[Dataset records]
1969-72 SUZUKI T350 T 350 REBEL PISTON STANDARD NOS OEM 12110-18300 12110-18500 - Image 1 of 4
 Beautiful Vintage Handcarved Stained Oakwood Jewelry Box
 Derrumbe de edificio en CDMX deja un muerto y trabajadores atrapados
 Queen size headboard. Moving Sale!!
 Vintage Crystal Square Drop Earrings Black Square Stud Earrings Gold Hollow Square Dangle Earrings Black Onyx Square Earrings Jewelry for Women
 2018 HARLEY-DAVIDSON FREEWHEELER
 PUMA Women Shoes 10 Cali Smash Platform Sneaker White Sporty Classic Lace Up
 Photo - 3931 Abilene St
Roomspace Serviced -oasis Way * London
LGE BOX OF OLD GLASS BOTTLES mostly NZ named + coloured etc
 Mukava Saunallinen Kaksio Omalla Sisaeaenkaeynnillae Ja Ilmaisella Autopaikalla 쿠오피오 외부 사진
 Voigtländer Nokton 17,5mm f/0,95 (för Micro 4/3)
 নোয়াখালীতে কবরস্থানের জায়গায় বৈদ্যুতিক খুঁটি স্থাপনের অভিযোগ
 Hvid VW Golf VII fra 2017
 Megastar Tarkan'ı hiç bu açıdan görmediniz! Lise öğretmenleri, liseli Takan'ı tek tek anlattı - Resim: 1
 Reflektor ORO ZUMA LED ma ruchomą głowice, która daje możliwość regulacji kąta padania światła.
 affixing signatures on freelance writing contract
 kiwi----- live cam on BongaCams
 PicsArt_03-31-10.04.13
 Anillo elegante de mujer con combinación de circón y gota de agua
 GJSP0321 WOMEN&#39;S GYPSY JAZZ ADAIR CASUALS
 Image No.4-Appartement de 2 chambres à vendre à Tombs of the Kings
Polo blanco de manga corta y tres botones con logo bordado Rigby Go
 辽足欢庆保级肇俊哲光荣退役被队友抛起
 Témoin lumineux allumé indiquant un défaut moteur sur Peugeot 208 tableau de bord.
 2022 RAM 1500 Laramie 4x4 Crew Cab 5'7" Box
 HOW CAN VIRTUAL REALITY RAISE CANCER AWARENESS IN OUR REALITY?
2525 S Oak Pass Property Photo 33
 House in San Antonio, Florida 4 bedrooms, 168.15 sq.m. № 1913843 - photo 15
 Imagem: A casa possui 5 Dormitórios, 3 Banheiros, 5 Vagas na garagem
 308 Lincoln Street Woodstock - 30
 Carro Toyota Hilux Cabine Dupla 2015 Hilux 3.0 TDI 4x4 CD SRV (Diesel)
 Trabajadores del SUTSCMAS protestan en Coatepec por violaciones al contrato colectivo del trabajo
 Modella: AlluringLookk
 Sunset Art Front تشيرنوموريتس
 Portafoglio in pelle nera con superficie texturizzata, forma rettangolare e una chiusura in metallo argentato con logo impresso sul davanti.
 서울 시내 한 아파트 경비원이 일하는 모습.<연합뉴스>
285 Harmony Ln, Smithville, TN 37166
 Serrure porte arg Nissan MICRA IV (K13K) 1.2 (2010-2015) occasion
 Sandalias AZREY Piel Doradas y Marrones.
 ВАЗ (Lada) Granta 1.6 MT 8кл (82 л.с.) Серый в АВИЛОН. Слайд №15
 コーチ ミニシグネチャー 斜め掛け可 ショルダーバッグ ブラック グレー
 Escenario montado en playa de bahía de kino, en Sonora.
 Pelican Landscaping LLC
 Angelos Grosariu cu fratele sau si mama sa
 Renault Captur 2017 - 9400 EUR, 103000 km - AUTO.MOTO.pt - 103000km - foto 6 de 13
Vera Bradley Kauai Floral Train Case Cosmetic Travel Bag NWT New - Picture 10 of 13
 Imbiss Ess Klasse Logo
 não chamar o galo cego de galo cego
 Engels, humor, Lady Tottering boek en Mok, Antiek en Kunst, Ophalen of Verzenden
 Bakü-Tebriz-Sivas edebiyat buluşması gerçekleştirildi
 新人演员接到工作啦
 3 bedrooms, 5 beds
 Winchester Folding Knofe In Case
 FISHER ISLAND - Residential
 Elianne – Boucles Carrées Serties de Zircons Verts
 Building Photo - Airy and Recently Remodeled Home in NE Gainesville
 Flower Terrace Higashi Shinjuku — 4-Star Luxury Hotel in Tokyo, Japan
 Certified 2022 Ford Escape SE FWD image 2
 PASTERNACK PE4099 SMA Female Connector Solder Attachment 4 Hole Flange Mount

Goal of the exercise: Starting from the first line above, copy the data through to the last line exactly.

Expected answer:
1969-72 SUZUKI T350 T 350 REBEL PISTON STANDARD NOS OEM 12110-18300 12110-18500 - Image 1 of 4
 Beautiful Vintage Handcarved Stained Oakwood Jewelry Box
 Derrumbe de edificio en CDMX deja un muerto y trabajadores atrapados
 Queen size headboard. Moving Sale!!
 Vintage Crystal Square Drop Earrings Black Square Stud Earrings Gold Hollow Square Dangle Earrings Black Onyx Square Earrings Jewelry for Women
 2018 HARLEY-DAVIDSON FREEWHEELER
 PUMA Women Shoes 10 Cali Smash Platform Sneaker White Sporty Classic Lace Up
 Photo - 3931 Abilene St
Roomspace Serviced -oasis Way * London
LGE BOX OF OLD GLASS BOTTLES mostly NZ named + coloured etc
 Mukava Saunallinen Kaksio Omalla Sisaeaenkaeynnillae Ja Ilmaisella Autopaikalla 쿠오피오 외부 사진
 Voigtländer Nokton 17,5mm f/0,95 (för Micro 4/3)
 নোয়াখালীতে কবরস্থানের জায়গায় বৈদ্যুতিক খুঁটি স্থাপনের অভিযোগ
 Hvid VW Golf VII fra 2017
 Megastar Tarkan'ı hiç bu açıdan görmediniz! Lise öğretmenleri, liseli Takan'ı tek tek anlattı - Resim: 1
 Reflektor ORO ZUMA LED ma ruchomą głowice, która daje możliwość regulacji kąta padania światła.
 affixing signatures on freelance writing contract
 kiwi----- live cam on BongaCams
 PicsArt_03-31-10.04.13
 Anillo elegante de mujer con combinación de circón y gota de agua
 GJSP0321 WOMEN&#39;S GYPSY JAZZ ADAIR CASUALS
 Image No.4-Appartement de 2 chambres à vendre à Tombs of the Kings
Polo blanco de manga corta y tres botones con logo bordado Rigby Go
 辽足欢庆保级肇俊哲光荣退役被队友抛起
 Témoin lumineux allumé indiquant un défaut moteur sur Peugeot 208 tableau de bord.
 2022 RAM 1500 Laramie 4x4 Crew Cab 5'7" Box
 HOW CAN VIRTUAL REALITY RAISE CANCER AWARENESS IN OUR REALITY?
2525 S Oak Pass Property Photo 33
 House in San Antonio, Florida 4 bedrooms, 168.15 sq.m. № 1913843 - photo 15
 Imagem: A casa possui 5 Dormitórios, 3 Banheiros, 5 Vagas na garagem
 308 Lincoln Street Woodstock - 30
 Carro Toyota Hilux Cabine Dupla 2015 Hilux 3.0 TDI 4x4 CD SRV (Diesel)
 Trabajadores del SUTSCMAS protestan en Coatepec por violaciones al contrato colectivo del trabajo
 Modella: AlluringLookk
 Sunset Art Front تشيرنوموريتس
 Portafoglio in pelle nera con superficie texturizzata, forma rettangolare e una chiusura in metallo argentato con logo impresso sul davanti.
 서울 시내 한 아파트 경비원이 일하는 모습.<연합뉴스>
285 Harmony Ln, Smithville, TN 37166
 Serrure porte arg Nissan MICRA IV (K13K) 1.2 (2010-2015) occasion
 Sandalias AZREY Piel Doradas y Marrones.
 ВАЗ (Lada) Granta 1.6 MT 8кл (82 л.с.) Серый в АВИЛОН. Слайд №15
 コーチ ミニシグネチャー 斜め掛け可 ショルダーバッグ ブラック グレー
 Escenario montado en playa de bahía de kino, en Sonora.
 Pelican Landscaping LLC
 Angelos Grosariu cu fratele sau si mama sa
 Renault Captur 2017 - 9400 EUR, 103000 km - AUTO.MOTO.pt - 103000km - foto 6 de 13
Vera Bradley Kauai Floral Train Case Cosmetic Travel Bag NWT New - Picture 10 of 13
 Imbiss Ess Klasse Logo
 não chamar o galo cego de galo cego
 Engels, humor, Lady Tottering boek en Mok, Antiek en Kunst, Ophalen of Verzenden
 Bakü-Tebriz-Sivas edebiyat buluşması gerçekleştirildi
 新人演员接到工作啦
 3 bedrooms, 5 beds
 Winchester Folding Knofe In Case
 FISHER ISLAND - Residential
 Elianne – Boucles Carrées Serties de Zircons Verts
 Building Photo - Airy and Recently Remodeled Home in NE Gainesville
 Flower Terrace Higashi Shinjuku — 4-Star Luxury Hotel in Tokyo, Japan
 Certified 2022 Ford Escape SE FWD image 2
 PASTERNACK PE4099 SMA Female Connector Solder Attachment 4 Hole Flange Mount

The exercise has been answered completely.